3. Kein Sparen an der Sicherheit
Scholz wiederholte im Bereich Sicherheit fast wortgleich, was mächtige Abgeordnete seiner Fraktion am Montag verkündet hatten. Sein zentraler Satz: „Ohne Sicherheit ist alles nichts“, sagte Scholz. Sicherheit im inneren und äußeren würde zentrales Thema im kommenden Haushalt. „Das werden wir zum Ausdruck bringen.“
Wir wollen die Investitionsoffensive fortführen.
Bundeskanzler Olaf Scholz (SPD)
Das dürfte insbesondere Innenministerin Nancy Faeser und Verteidigungsminister Boris Pistorius (beide SPD) freuen. Die Fachleute von Pistorius hatten ausgerechnet, dass dessen Etat um mindestens vier bis sechs Milliarden Euro steigen müsse, um notwendige neue Investitionen zu starten, und die sogenannte Zwei-Prozent-Quote der Nato zu erreichen.
Auch Innenministerin Faeser hatte sich gegen Kürzungspläne des Finanzministers Christian Lindner gewehrt. Die Mittel ihres Ressorts sollte sie von rund 13,3 Milliarden Euro auf 12,2 Milliarden Euro im kommenden Jahr senken. Die sei „nicht ansatzweise verantwortbar“, hatte sie erklärt. Beide können wohl aufatmen. Auch damit kommt Scholz seiner Fraktion entgegen.
4. Mehr Investitionen, aber ohne Aussetzen der Schuldenbremse?

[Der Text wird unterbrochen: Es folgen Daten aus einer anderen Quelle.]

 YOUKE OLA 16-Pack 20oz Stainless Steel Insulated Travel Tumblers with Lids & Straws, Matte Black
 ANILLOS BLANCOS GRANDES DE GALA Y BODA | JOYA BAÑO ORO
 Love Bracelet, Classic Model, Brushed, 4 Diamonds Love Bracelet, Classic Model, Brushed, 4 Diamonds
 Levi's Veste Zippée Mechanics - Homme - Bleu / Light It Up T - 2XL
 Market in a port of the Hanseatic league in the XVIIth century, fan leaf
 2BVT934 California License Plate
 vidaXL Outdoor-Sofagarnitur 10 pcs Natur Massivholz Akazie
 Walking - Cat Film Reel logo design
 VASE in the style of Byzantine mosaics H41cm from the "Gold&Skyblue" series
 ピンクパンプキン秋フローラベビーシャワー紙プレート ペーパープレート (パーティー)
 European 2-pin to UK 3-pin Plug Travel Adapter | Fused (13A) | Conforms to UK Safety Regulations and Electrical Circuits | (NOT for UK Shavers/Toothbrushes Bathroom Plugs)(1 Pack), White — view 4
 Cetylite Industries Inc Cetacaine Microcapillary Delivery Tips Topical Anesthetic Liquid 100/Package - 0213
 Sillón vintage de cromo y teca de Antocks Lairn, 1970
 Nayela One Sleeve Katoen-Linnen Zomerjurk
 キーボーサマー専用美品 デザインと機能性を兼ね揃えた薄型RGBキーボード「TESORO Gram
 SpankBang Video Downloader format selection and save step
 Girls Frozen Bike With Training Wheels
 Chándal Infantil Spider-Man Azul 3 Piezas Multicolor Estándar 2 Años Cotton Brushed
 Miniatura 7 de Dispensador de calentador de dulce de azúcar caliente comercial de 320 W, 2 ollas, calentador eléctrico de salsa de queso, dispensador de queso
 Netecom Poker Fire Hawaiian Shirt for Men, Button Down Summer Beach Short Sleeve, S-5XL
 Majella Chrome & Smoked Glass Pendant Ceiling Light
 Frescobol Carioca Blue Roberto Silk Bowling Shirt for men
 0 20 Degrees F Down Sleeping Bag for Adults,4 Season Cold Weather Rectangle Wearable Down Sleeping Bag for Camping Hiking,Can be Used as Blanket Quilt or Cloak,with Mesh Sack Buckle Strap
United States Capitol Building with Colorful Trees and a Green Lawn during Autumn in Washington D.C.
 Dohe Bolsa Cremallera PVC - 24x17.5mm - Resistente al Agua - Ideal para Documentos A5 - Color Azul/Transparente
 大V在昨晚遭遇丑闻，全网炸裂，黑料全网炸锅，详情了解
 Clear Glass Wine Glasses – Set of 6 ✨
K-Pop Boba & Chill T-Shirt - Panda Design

Olaf Scholz kündigte an: „Wir wollen die Investitionsoffensive fortführen.“ So solle Arbeit attraktiver werden. Scholz nannte Vorteile für Menschen, die freiwillig länger oder mehr arbeiten wollen. Beides sind Anliegen der FDP. Auch für Familien sollen Arbeit attraktiver gemacht werden, kündigte Scholz an.
Allerdings verschwieg Scholz, wie alles finanziert werden soll. Das ist die Kernfrage, um die die Regierung seit Wochen ringt. Je nach Sichtweise fehlen 25 bis mehr als 50 Milliarden Euro für das kommende Jahr. Scholz machte kaum Andeutungen in Sachen Schuldenbremse. Er unterließ auch mögliche Begründungen für einen möglichen weiteren Notlagenbeschluss, auch wenn er die Notwendigkeit der Unterstützung der Ukraine betonte. Scholz sprach lieber über Zuversicht als über die Dramatik der Krisen.
Die Bundesregierung will im Laufe des Julis einen Kabinettsbeschluss über einen Haushaltsentwurf fassen. Das Papier hat mehr als 1000 Seiten. Die Regierung hatte den ursprünglich geplanten Termin am 3. Juli nicht mehr halten können und strebt nun einen Beschluss 14 Tage später an. Allerdings ist offen, ob dieser Termin zu halten ist.
Solange ein Beschluss im Juli gefasst wird, kann der Bundestag laut Darstellung von SPD-Fraktionsgeschäftsführerin Katja Mast unter Einhaltung aller Fristen ab dem Ende der politischen Sommerpause im September über den Entwurf beraten und Änderungen daran vornehmen.